To be precise, I don’t claim that Cicco wrote the VMs, or even designed its cipher alphabet. Far from it: rather, that its “4o” token points to a deep-rooted connection between its cipher-system and the ciphers constructed and used by the Milanese Chancellery. My book conjectures that this “4o” ‘verbose cipher’ trick may have been disclosed in the 1465 meeting between Antonio Averlino and Cicco Simonetta, at which the former placed his outstanding Milanese affairs in the hands of the latter before leaving Milan forever. But in the world of tenuous Voynichological hypotheses, this is one at least that did actually happen! 🙂
For all its merits, it would be wrong to characterize Augusto’s Cryptologia article as being the final word in the cryptographic history debate over Cicco Simonetta’s Regulae: the conclusions I (and others) draw from the available data are quite different, and (in the absence of more conclusive evidence) we can politely agree to differ – and that’s OK.

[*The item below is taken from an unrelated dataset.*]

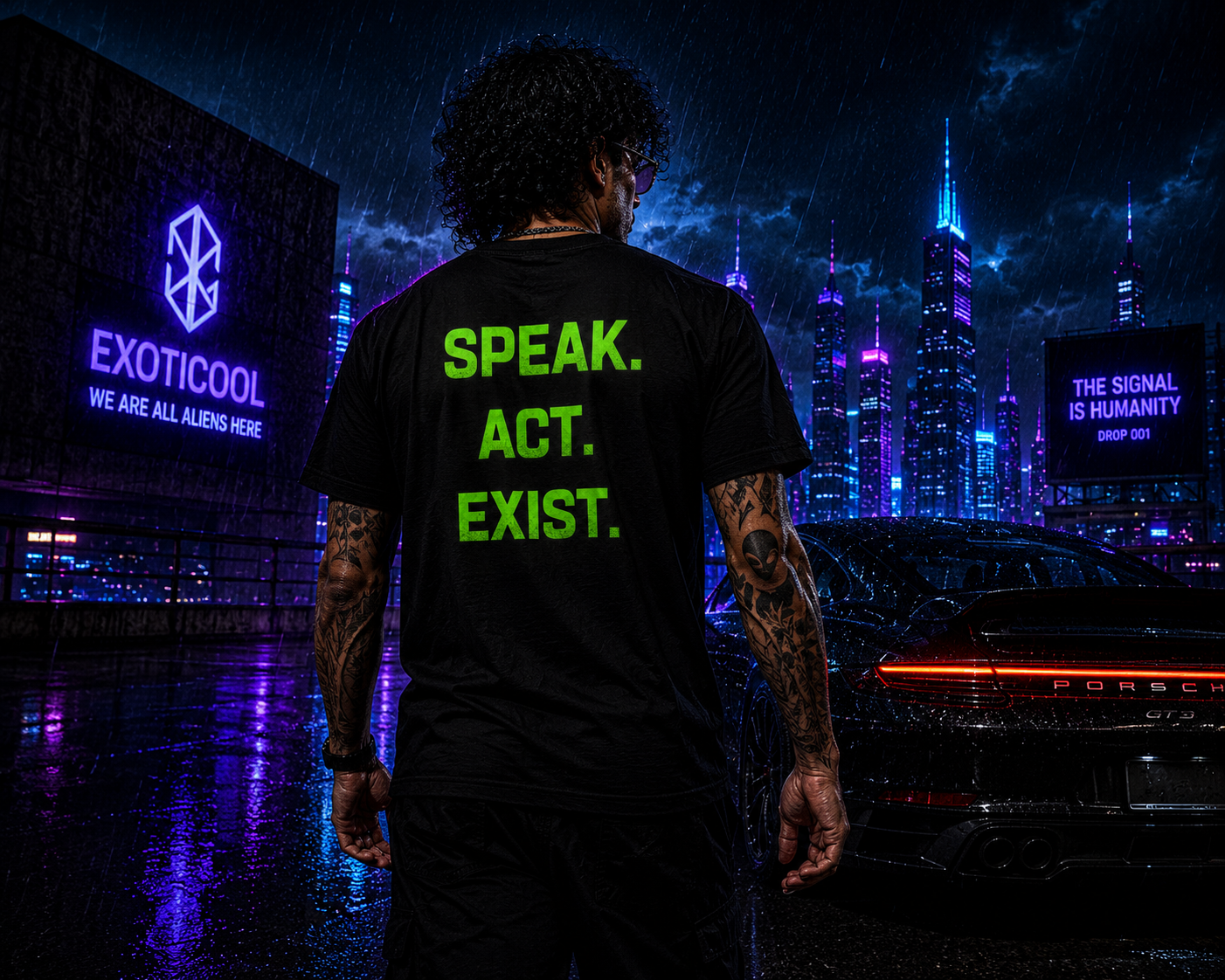 Cinematic rear view of the Exoticool Your Silence Is Complicity black T-shirt showcasing the Speak. Act. Exist. back graphic with a neon cyberpunk city skyline and black Porsche.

As a side-note here, when I cited (on my p.182) a 1970 article on Cicco’s Regulae, I contacted its very-much-still-alive author (Walter Hoeflechner) to see if anyone else in the intervening 36 years had shown an interest – and only the ubiquitous David Kahn had. From that, it’s easy to see that the discussion of the intriguing intersection between cryptography and politics offered by Simonetta is very much out of fashion: which is a bit of a shame.

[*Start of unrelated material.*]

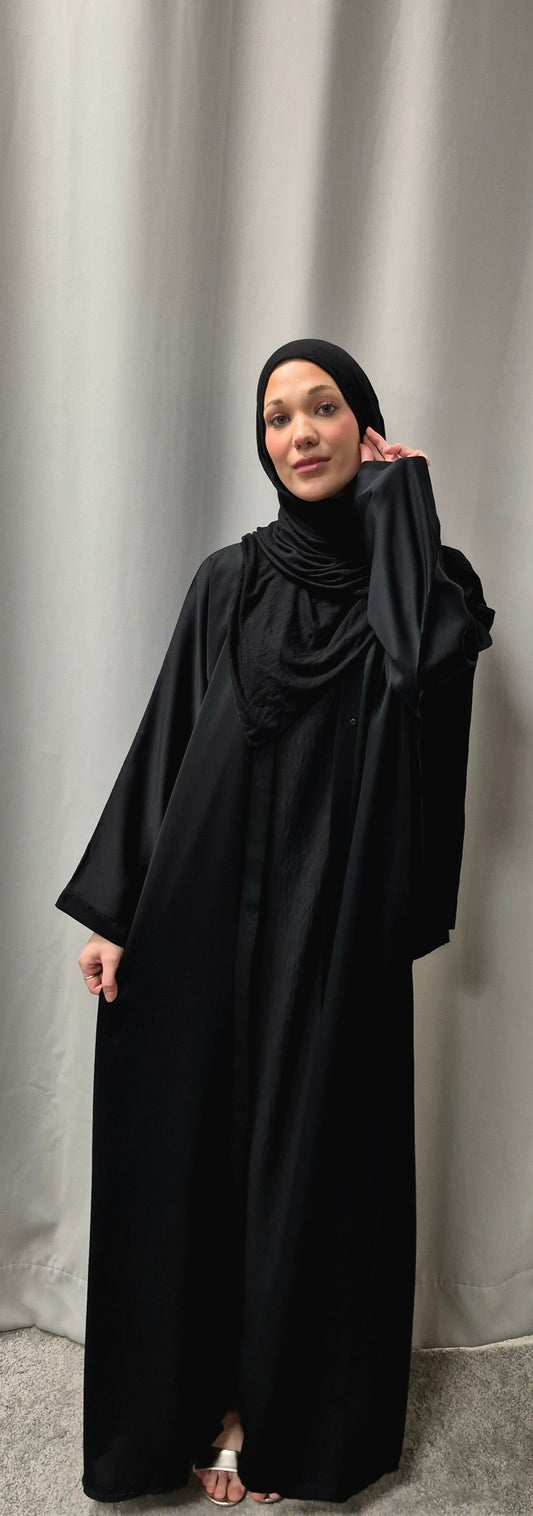 A woman models the Stylish Layla Open Abaya in Size 58 from Bihi Boutique, featuring an elegant black design and paired with a black hijab as she stands barefoot on a gray carpet before a light gray curtain.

And therefore, I think it would be very nice if Augusto’s article proved instead to be the first word in a rather more modern debate over the Regulae: the new generation of historians and researchers who have taken an interest in seeing what the Sforza-era bureaucratic archives have to tell us would almost certainly be bound to find new angles and approaches, and might well carry us all forward in new and interesting directions.
Finally… for me, what is nicest about Augusto’s citation is that it is one of those rarest of hen’s teeth: a Voynich-related book or paper getting cited outside of the Voynich literature. It is far too early to say that this marks the point where the VMs goes fully mainstream… but it’s a start, surely?
Nick,
Following on from matter that I published about the ‘4’ shape as a numeral, and about an example of a Latin manuscript containing quinions and a septention (July 5, 2021), I’m presently writing up research which adds still further support to your Italian Voynich theory. The matter adduced in the current series of posts will share with the rest evident connection with Milan, or more precisely connection to places and persons having an involvement in the sea-borne trade in eastern goods, and an attested connection to Milan before 1440.
For codicological description of that Latin manuscript, mentioned in the post of July 5th., 2021, I relied on:
E.K. Rand, ‘A Harvard Manuscript of Ovid, Palladius and Tacitus’, The American Journal of Philology, Vol. 26, No. 3 (1905), pp. 291-329.